_Dataset_:
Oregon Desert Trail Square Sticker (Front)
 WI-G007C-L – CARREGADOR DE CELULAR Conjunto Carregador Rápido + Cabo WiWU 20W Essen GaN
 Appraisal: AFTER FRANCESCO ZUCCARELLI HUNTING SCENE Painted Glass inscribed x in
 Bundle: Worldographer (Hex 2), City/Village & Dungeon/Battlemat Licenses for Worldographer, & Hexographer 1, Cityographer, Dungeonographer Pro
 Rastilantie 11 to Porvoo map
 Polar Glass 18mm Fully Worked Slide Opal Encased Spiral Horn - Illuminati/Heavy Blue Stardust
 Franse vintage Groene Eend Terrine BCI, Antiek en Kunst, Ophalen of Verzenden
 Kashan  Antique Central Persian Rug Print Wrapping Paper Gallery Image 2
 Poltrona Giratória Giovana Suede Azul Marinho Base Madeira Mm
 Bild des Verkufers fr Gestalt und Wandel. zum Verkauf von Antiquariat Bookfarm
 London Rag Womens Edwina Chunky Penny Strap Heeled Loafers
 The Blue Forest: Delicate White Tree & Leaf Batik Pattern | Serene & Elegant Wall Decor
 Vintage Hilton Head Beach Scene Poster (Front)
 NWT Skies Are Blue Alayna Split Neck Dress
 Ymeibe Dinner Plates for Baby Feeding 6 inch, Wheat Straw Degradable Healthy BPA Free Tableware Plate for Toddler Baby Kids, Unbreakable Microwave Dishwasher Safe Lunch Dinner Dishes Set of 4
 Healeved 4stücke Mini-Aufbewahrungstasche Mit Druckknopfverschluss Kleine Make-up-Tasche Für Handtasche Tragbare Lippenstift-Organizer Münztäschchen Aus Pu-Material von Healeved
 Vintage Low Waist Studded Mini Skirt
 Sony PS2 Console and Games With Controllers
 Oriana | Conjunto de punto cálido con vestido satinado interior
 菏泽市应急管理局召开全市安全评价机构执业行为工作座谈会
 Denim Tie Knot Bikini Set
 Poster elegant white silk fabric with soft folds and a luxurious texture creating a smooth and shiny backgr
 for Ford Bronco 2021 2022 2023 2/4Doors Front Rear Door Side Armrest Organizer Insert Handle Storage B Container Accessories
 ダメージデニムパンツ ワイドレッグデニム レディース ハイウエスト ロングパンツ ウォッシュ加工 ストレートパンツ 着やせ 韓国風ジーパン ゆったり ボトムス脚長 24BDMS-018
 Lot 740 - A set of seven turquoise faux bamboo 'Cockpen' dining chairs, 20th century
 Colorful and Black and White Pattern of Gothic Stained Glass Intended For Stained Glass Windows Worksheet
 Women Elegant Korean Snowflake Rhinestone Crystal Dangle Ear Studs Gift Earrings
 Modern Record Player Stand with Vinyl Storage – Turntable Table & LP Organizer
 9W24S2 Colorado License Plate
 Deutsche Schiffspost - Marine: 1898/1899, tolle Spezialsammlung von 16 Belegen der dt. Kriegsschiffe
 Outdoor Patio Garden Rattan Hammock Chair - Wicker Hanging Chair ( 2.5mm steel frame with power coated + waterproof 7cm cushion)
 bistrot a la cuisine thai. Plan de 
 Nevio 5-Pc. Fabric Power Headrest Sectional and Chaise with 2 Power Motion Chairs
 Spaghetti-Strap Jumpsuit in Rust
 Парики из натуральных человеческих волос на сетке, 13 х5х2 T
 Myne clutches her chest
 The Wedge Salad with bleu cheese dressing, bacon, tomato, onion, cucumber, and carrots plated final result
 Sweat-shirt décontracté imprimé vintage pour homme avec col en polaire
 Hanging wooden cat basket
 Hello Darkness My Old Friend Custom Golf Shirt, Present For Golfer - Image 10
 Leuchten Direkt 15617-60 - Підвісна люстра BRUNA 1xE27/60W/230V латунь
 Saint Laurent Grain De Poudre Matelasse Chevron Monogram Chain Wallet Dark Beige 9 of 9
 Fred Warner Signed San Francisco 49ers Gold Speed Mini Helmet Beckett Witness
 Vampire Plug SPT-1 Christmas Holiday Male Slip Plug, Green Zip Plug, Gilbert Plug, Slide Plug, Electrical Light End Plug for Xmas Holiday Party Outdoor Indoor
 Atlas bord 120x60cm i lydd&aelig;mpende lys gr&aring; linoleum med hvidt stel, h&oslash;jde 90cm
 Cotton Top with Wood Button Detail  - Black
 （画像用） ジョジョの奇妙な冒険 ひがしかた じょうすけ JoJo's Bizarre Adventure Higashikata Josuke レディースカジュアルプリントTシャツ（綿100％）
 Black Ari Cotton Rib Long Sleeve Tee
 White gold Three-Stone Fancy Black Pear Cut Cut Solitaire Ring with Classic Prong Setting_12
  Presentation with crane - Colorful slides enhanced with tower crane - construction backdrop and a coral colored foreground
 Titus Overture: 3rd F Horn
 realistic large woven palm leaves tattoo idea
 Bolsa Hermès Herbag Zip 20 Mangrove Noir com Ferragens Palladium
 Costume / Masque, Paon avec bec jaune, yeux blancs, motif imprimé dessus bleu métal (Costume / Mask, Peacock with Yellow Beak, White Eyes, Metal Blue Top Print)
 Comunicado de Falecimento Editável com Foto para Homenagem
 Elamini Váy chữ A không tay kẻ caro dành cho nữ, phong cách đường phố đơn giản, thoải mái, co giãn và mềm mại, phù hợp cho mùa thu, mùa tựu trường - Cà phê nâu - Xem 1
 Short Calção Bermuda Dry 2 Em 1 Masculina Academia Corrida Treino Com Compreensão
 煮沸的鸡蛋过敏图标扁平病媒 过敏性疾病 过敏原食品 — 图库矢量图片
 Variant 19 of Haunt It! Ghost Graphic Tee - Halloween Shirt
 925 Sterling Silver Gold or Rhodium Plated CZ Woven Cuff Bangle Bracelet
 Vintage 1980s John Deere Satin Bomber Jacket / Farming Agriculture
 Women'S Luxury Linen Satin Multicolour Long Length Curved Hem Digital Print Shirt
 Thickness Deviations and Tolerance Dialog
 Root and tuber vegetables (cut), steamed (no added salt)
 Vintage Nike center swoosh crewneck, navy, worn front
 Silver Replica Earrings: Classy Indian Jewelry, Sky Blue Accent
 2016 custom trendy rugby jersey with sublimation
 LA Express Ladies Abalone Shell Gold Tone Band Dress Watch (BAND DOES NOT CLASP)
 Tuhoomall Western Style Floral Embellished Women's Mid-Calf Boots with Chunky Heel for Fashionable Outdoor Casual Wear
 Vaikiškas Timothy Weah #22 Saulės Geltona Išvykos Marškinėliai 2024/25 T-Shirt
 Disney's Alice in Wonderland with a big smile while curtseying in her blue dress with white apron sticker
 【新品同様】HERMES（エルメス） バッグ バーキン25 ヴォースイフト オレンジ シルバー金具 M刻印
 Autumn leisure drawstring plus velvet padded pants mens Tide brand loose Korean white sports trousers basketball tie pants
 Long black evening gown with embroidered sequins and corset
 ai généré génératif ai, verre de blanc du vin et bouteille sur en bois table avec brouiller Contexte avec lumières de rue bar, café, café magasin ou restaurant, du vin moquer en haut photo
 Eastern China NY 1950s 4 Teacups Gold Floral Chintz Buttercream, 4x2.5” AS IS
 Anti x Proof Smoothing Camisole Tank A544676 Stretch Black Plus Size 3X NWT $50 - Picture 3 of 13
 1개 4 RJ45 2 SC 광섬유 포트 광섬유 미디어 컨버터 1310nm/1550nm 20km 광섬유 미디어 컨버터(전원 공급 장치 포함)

_What the task requires_: Could you write out, exactly as they stand, only the lines above that begin at the line with "Black Ari Cotton Rib Long Sleeve Tee" and stop after the line with "Comunicado de Falecimento"?

_Exercise response_:
 Black Ari Cotton Rib Long Sleeve Tee
 White gold Three-Stone Fancy Black Pear Cut Cut Solitaire Ring with Classic Prong Setting_12
  Presentation with crane - Colorful slides enhanced with tower crane - construction backdrop and a coral colored foreground
 Titus Overture: 3rd F Horn
 realistic large woven palm leaves tattoo idea
 Bolsa Hermès Herbag Zip 20 Mangrove Noir com Ferragens Palladium
 Costume / Masque, Paon avec bec jaune, yeux blancs, motif imprimé dessus bleu métal (Costume / Mask, Peacock with Yellow Beak, White Eyes, Metal Blue Top Print)
 Comunicado de Falecimento Editável com Foto para Homenagem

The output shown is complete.